GDPR for small companies?

GDPR

GDPR. What is GDPR?  What do small business owners need to do when getting ready for GDPR? Where can I find a simple basic explanation of GDPR? What do small business owners need to do for GDPR? What requirements are imposed for data collection with the new rules in GDPR? What is a Personal Data Contract? When does the new data protection regulation enter into force? Does GDPR apply to companies outside the European Union? What happens if I do nothing about the GDPR? Where can I find a template for the Personal Integrity Data Contract? How bad can the fine be if you do not follow GDPR? Who is affected by GDPR? 

What does GDPR mean for small companies?

European General Data Protection Regulation (GDPR) is the new data protection regulation within EU.

It is supposed to protect the individual’s right to privacy and the right to be forgotten/deleted from a registry or database.

All EU / EEA-based companies that handle personal data are required to comply with the GDPR.

A bit simplified, one could say that you no longer have the right to process personal data. In case you still have to do this, you must follow GDPR, and there must be a reason and plan for managing information that can be linked to a particular individual. You need to collect this data securely (encryption) and store it in a safe place (backups/encryption) and limit the access to this info.

GDPR applies to personal data you have in databases, on paper, in email and other files on your computer, USB memories, external hard drives and similar storage media.

The law applies to everyone being registered. It does not matter if it concerns a customer, a patient, an employee, a supplier or even yourself.

What is a personal data?

All data which are linked to a specific person. It may be Name, Bank Details, Social Media Comments, Photos, Emails, Health data, or even an IP Address.

Even images (photos) and sound recordings of individuals treated in a computer, or equivalent, may be personal data even if no names are mentioned.

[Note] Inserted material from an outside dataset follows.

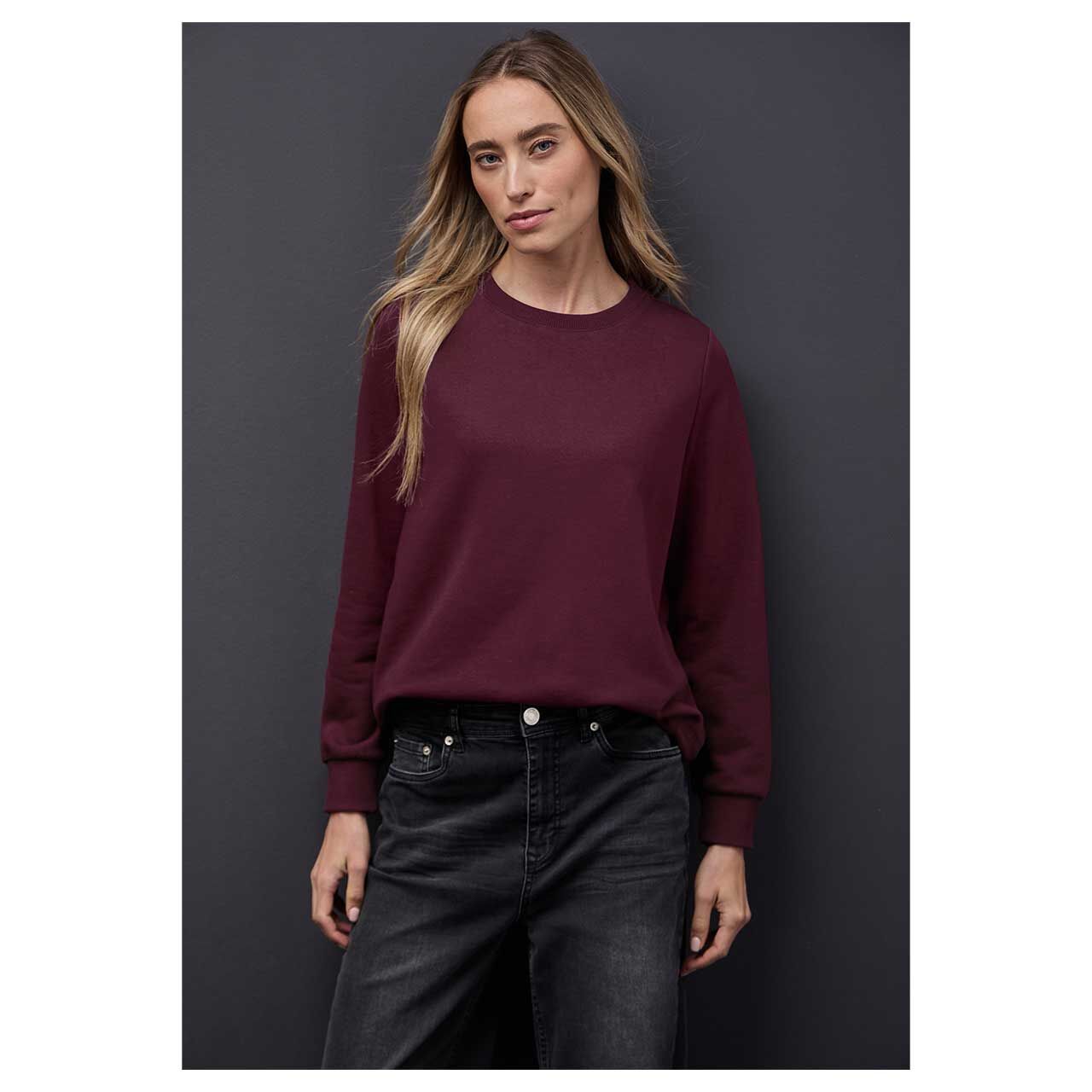 Damen Sweatshirt Crewneck Sweater von Street One in Weinrot, Ganzkörperansicht gestylt am Model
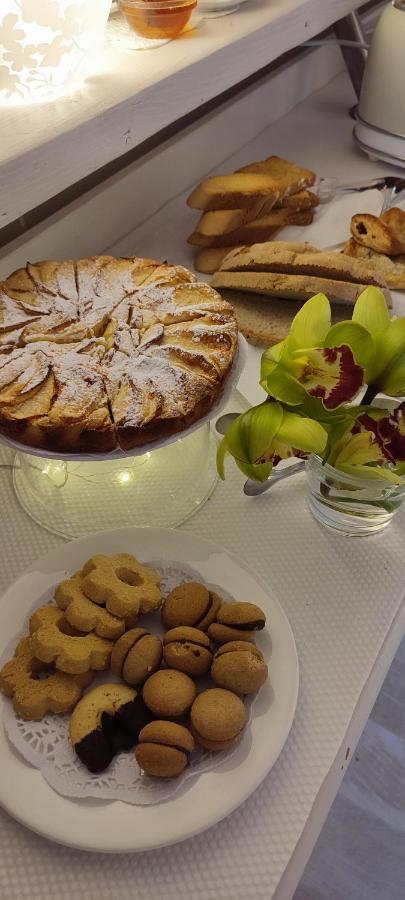 La Vista Del Poggio Bed & Breakfast คาสเตลลาโร ภายนอก รูปภาพ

You must now get an approval from each employee before you can post a photo of them on the website!

What does the small businessman need to do?

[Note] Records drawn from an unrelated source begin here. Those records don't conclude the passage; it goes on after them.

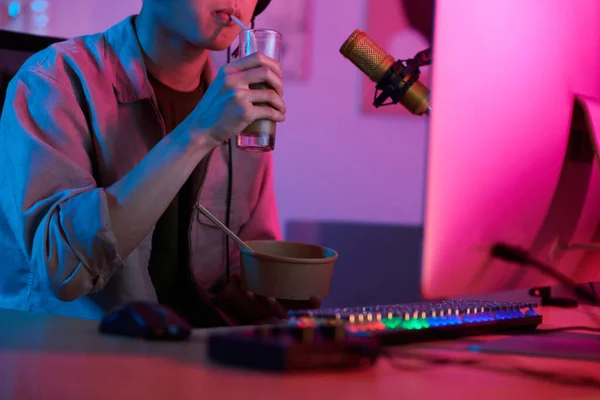 Gamer Enjoying Refreshing Drink Playing Videogame Computer —  Fotos de Stock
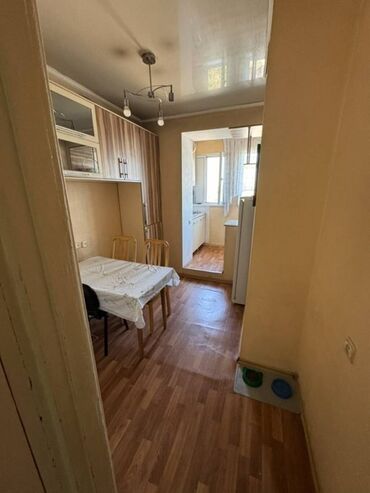 квартира аламедин рынак: 2 комнаты, 50 м², Индивидуалка, 5 этаж, Косметический ремонт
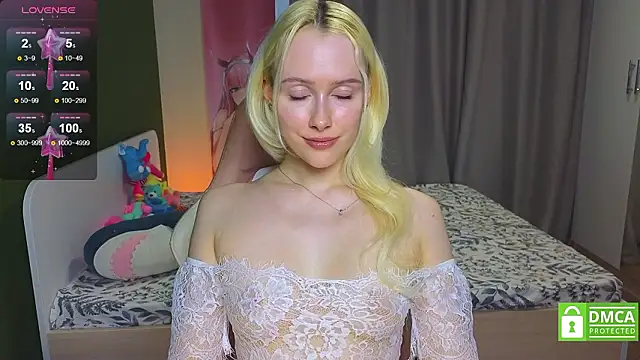 Snapshot of CaseyLabow chatting on 02-07-26, 07:12 CaseyLabow online show from 02-07-26, 07:12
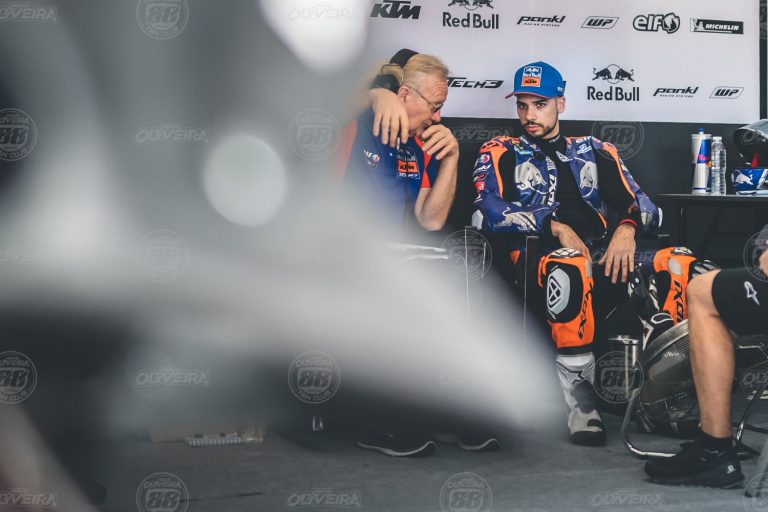 332689miguel-oliveiraktmtech3motogprc16sepang-international-circuit-mys2020-3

Justification. Your company must be able to motivate why do you have personal data and for what purpose?
If you can not motivate the storage, you must destroy these data.

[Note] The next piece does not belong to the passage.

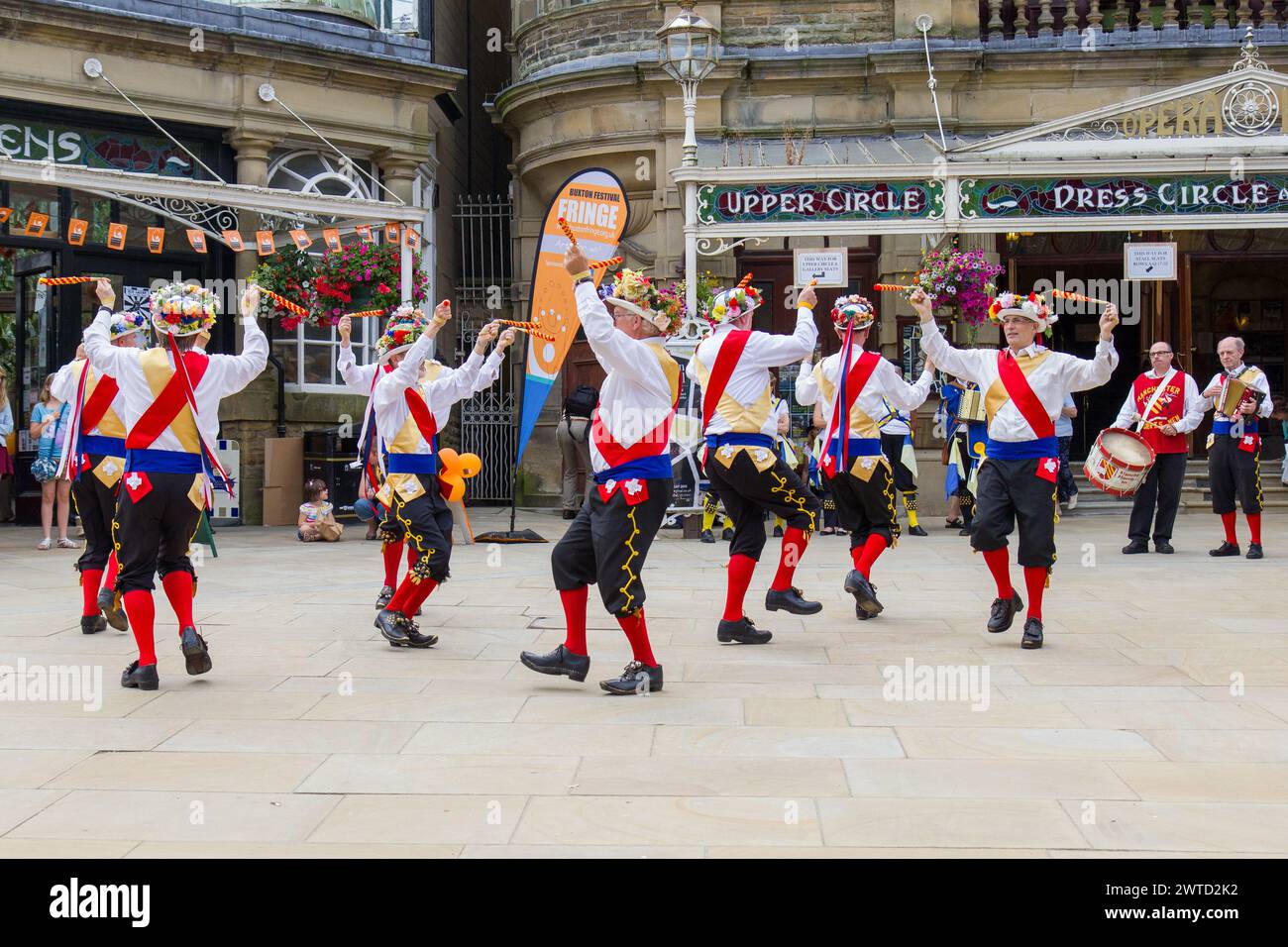 Morris danzava al Buxton Day of Dance Foto Stock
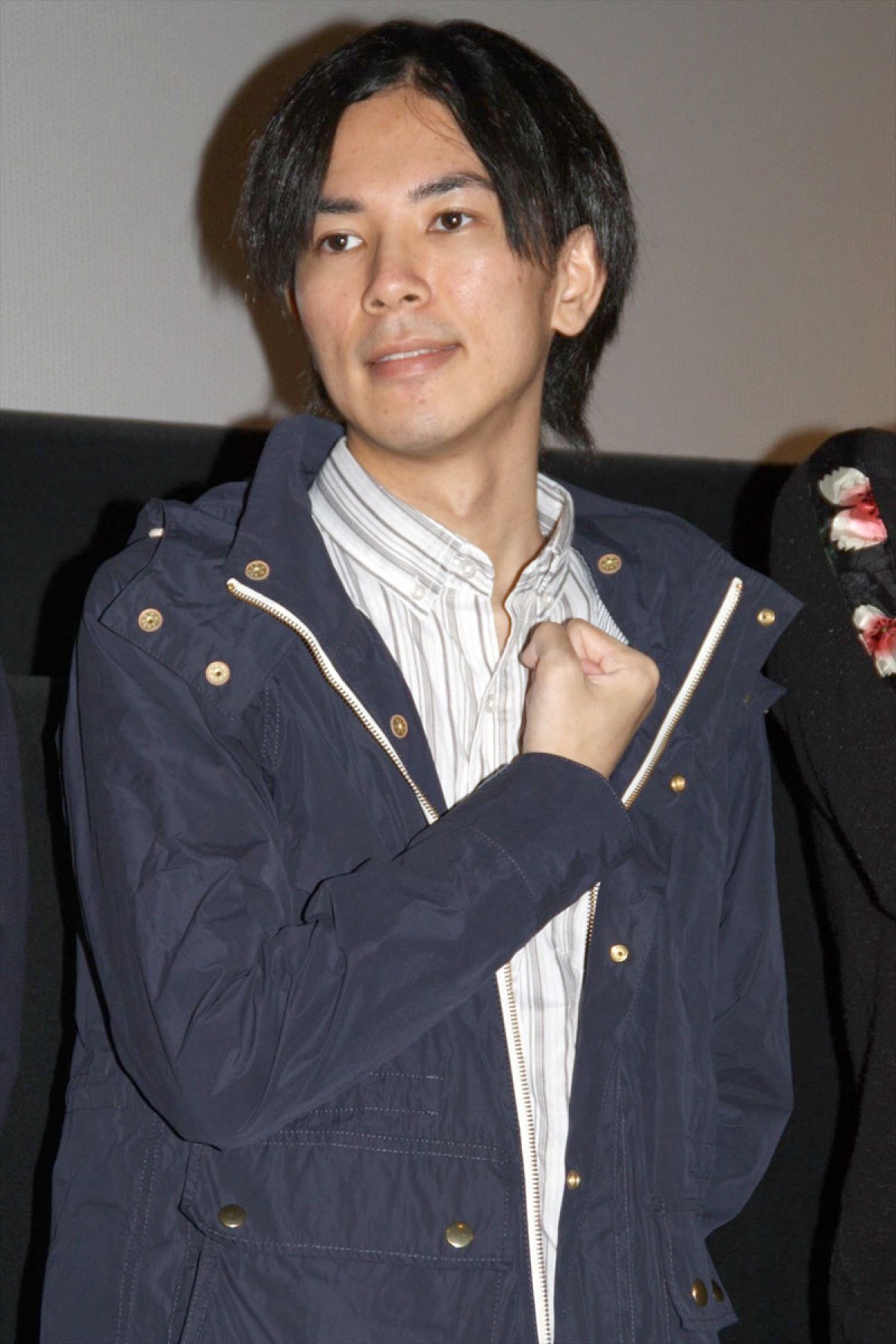 『劇場版「進撃の巨人」前編~紅蓮の弓矢~』舞台挨拶に登壇した諫山創氏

However, keep in mind that the Bookkeeping Act takes precedence. Accounting documents, invoices, and financial statements must be saved for at least 5 years in the UK, up to ten years in many other countries. Within the EU the interval for achieving accounting information is between 5-10 years. The right to be forgotten does not apply to the data or documents you must file by law.

Exception. A previous customer or employee cannot request to have his or her data destroyed or deleted on e.g., an invoice that the company is required by law to save.

Data disclosure. You, as an entrepreneur, must now be able to obtain all registered information about a person on request.
You must keep in mind that your CV and personal letters, etc. which your company has received either must be destroyed/deleted after posting or updated eg, Each year with information to the affected person that you still have the information and if they need to be updated or removed.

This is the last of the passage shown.